Leçon d'histoire
J’ai vu tuer Ben Barka (2005) de Serge Le Péron avec Charles Berling, Jean-Pierre Léaud, Josiane Balasko, Fabienne Babe
Il est souvent reproché au cinéma français de ne pas se coltiner avec les pages troubles de son histoire ou d’éviter systématiquement les sujets qui fâchent (la réalité politique de notre belle « raie publique » !). On pourrait rétorquer qu’au vu des résultats, il est peut-être effectivement préférable que les cinéastes s’abstiennent… Bon, ne commençons pas par être désobligeant et d’humeur massacrante. D’une part, parce qu’il existe de jolies réussites dans ces domaines (songeons simplement cette année à L’ivresse du pouvoir de Chabrol et au beau film discret de Philippe Faucon sur la guerre d’Algérie, la trahison). D’autre part, parce que le film de Le Péron (son troisième après Laisse béton et L’affaire Marcorelle) n’est pas catastrophique. Nous allons y venir.
Pour aborder l’une des affaires politiques les plus mystérieuses des années 60 dans laquelle ont trempé les services secrets français (l’enlèvement du leader d’opposition marocain Mehdi Ben Barka en plein Paris), Le Péron opte pour une approche policière. L’affaire est vue du point de vue d’un mort (une petite référence à Boulevard du crépuscule de Wilder) qui n’est autre que Georges Figon (Charles Berling), ancien repris de justice qui va se révéler être l’élément clé de l’enlèvement. Présenté comme producteur de films à Ben Barka, il va servir d’appât pour faire venir l’agitateur en France et le coincer.
J’ai vu tuer Ben Barka est, les images d’archives sur lesquelles il s’ouvre le prouvent, un film didactique ; mais, pour une fois, je n’utiliserai pas ce mot dans un sens péjoratif. Il ne s’agit effectivement pas pour le cinéaste d’asséner un discours militant ou de présenter les faits à des fins de manipulations émotionnelles mais de faire œuvre « pédagogique » et de tenter de démêler les fils d’une obscure affaire (« Et l’affaire Ben Barka, elle est claire ? », entendait-on dans Made in USA de Godard en 1966). C’est assez intéressant. On apprend par exemple le rôle, involontaire, que jouèrent dans cette mascarade le cinéaste Georges Franju (J.P.Léaud) et Marguerite Duras (Josiane Balasko), tous deux devant collaborer à l’œuvre produite par Figon. On replonge également dans une époque où soufflait le vent de la révolte du côté du tiers-monde et celui des espoirs que certains leaders laissaient envisager pour sortir totalement de l’impérialisme des pays colonisateurs. Moi qui regarde très rarement des films pour subir des cours d’histoire, je dois avouer que, une fois n’est pas coutume, c’est cet aspect qui m’a le plus intéressé dans l’œuvre de Le Péron.

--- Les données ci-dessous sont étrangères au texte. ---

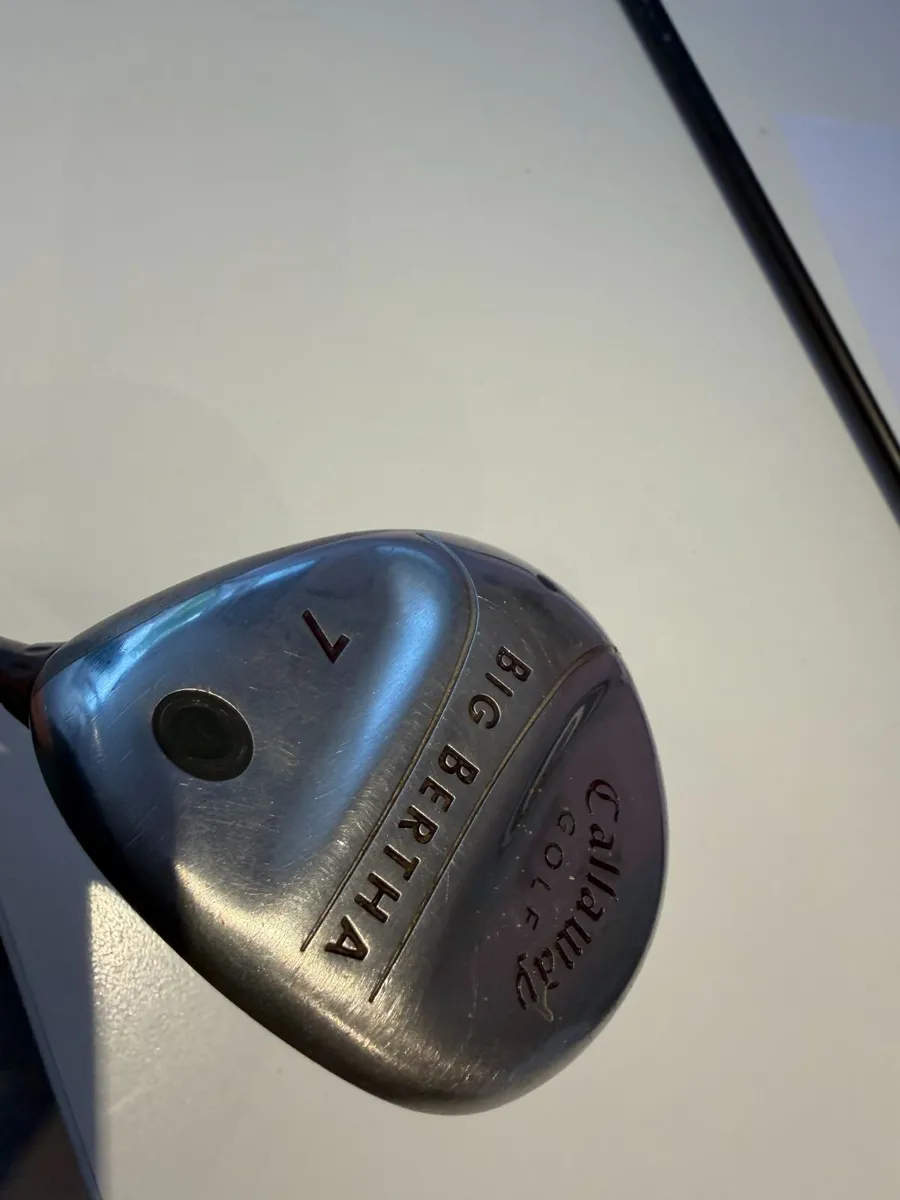 A set of golf clubs - Image 4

Le reste est moins convaincant. D’abord, on sent que le cinéaste n’a pas eu énormément de moyens. Il utilise les six voitures d’époque pour faire croire que nous sommes dans les années 60 mais ça sent quand même les restrictions budgétaires et l’obligation de ne pas filmer trop souvent en plan large de peur qu’on reconnaisse la ville aujourd’hui. Franchement, je n’irai jamais reprocher à un cinéaste la pauvreté de son film (les plus grands films sont parfois des films fait sans un sou). Seulement, il aurait du opter pour un parti pris formel plus radical, et même, pourquoi pas, miser tout sur une esthétique de série B qui aurait pu s’avérer très fructueuse. Au lieu de ça, Le Péron s’en tient au film d’époque un peu plan-plan à la française. La mise en scène est désespérément pépère, ne sortant que trop rarement du plan rapproché télévisuel et de ses tunnels de champs/contrechamps.
Au final, ce n’est pas totalement indigent mais à peine plus soigné qu’un téléfilm de série. Reste alors un sujet fort et un casting très brillant. Charles Berling est bien sans être transcendant, Balasko est assez étonnante dans le rôle de la « papesse gâteuse des caniveaux bouchés » [Desproges] car elle n’est pas dans l’imitation, juste dans la sobriété, c’est bien ! On a le plaisir d’apercevoir (dans le rôle d’une petite actrice oubliée, compagne de Figon) la délicieuse et décidément trop rare Fabienne Babe. Mais le pompon revient à Jean-Pierre Léaud, une fois de plus impérial, qui compose une figure de Franju extraordinaire.